What to do. No pictures belong in the copy. Retype exactly, and only, the stretch of lines below from the one with "Modern Creative Guest" through the one with "Fototapeta na wymiar".

*** Materials provided Section Begins ***

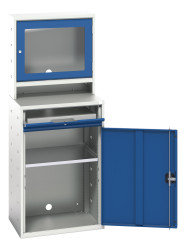 Biurko komputerowe, Niebieski/szary, Stalowe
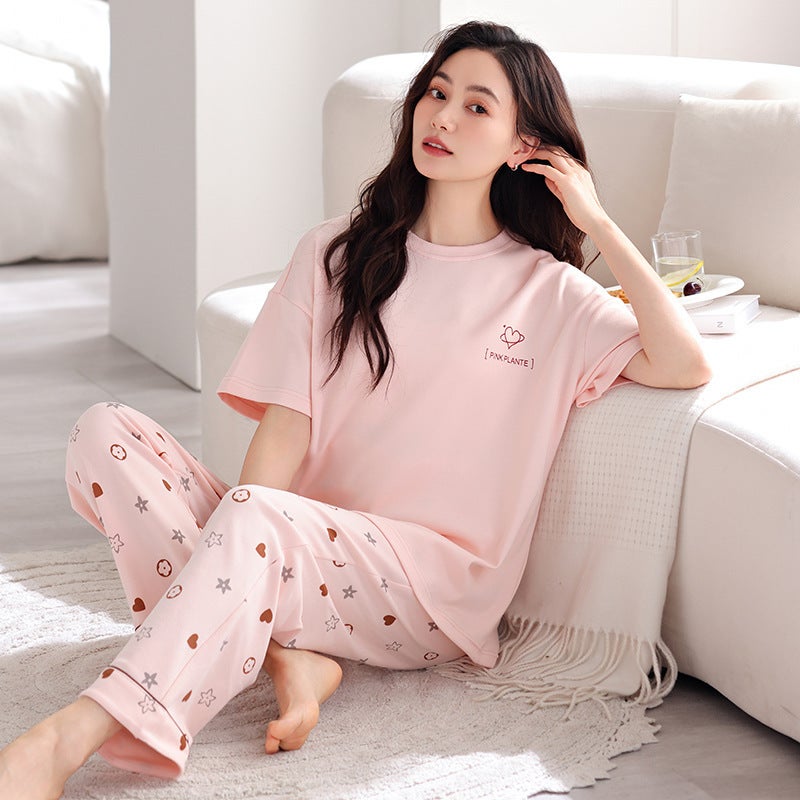 New Style Pure Cotton Womens Pajamas Spring and Summer Short-sleeved Capri Pants Large Size Casual Fresh Home Clothes Womens Outer Wear Suit CZ-270016  - Image 3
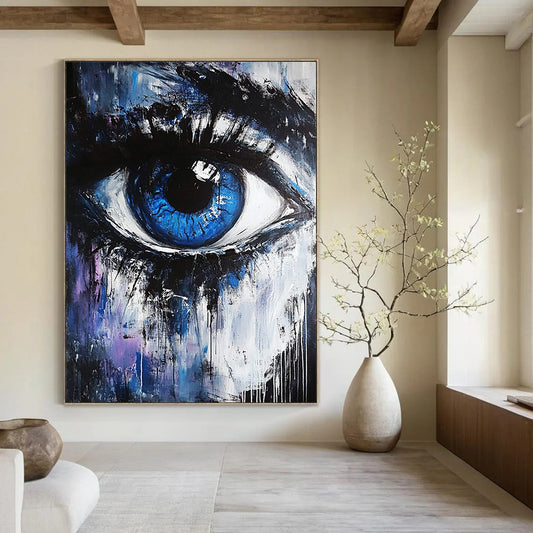 Contemporary abstract painting featuring a blue and white eye with black hints against a dark gray and light purple background, evoking emotional and magical themes. DLZ0952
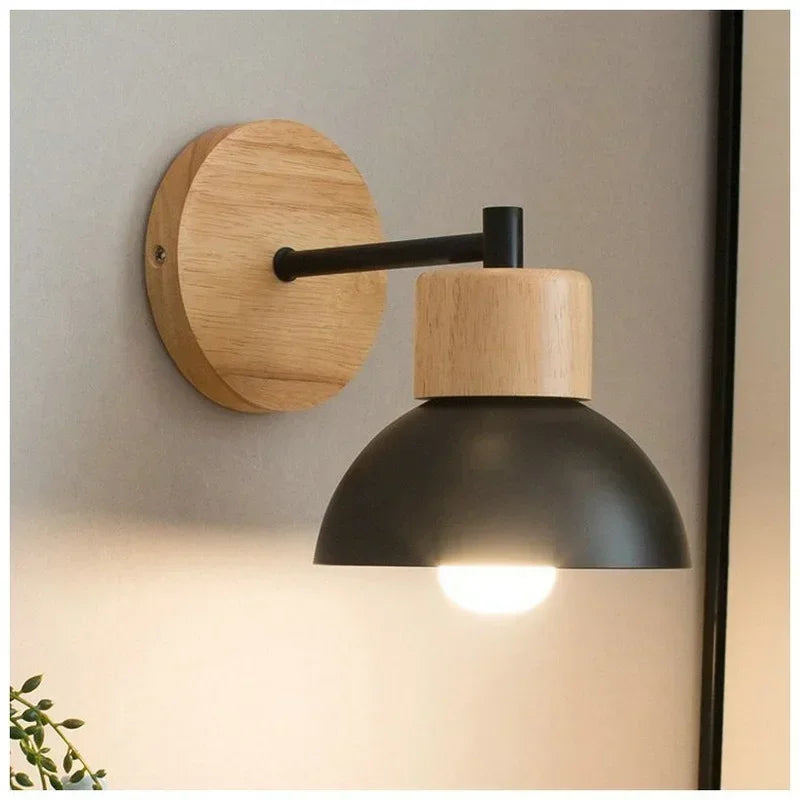 Modern Creative Guest Room Balcony Stair Wall Lamp Bedroom Head Bed Personality Bird Lamp Simple Half round Wood Light Fixture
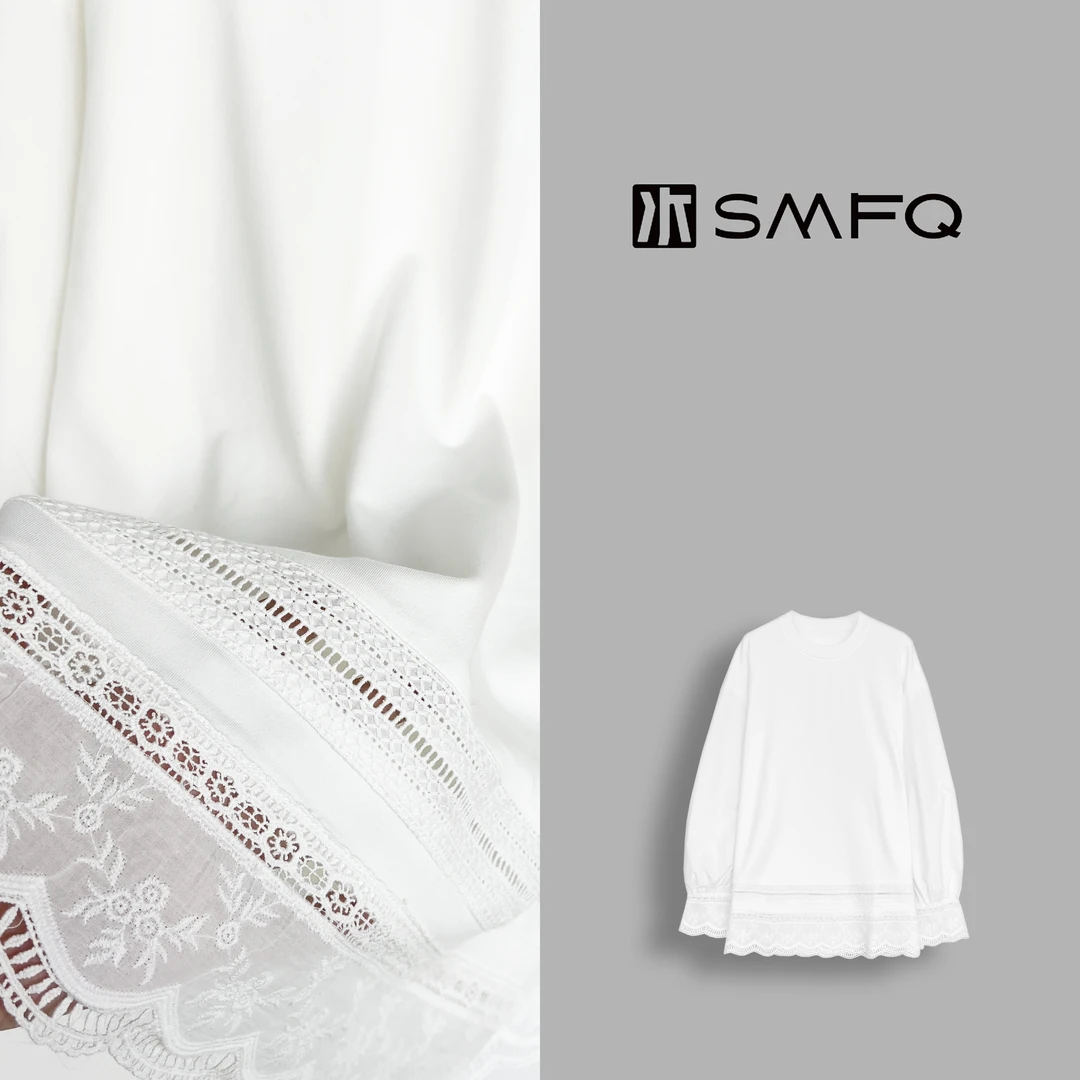 水木夫妻”演绎于蕾“ 精美蕾丝下摆拼接磨毛长袖上衣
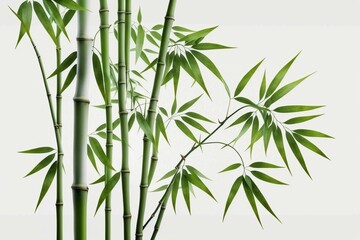 Fototapeta na wymiar White background with green bamboo stems. Generative AI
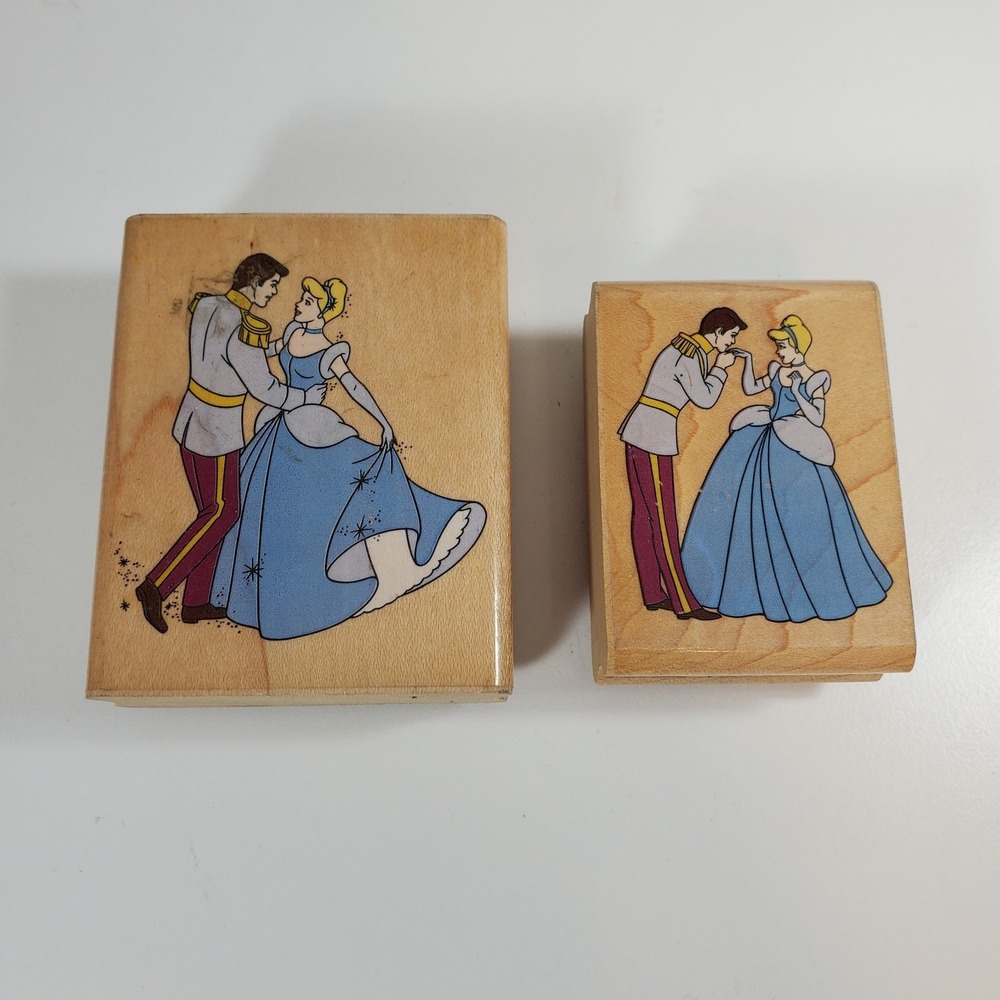 2 Disney Cinderella Wooden Rubber Stamps Used Magic Dance + Love at First Sight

*** Materials provided Section Ends ***

Answer section.
 Modern Creative Guest Room Balcony Stair Wall Lamp Bedroom Head Bed Personality Bird Lamp Simple Half round Wood Light Fixture
 水木夫妻”演绎于蕾“ 精美蕾丝下摆拼接磨毛长袖上衣
 Fototapeta na wymiar White background with green bamboo stems. Generative AI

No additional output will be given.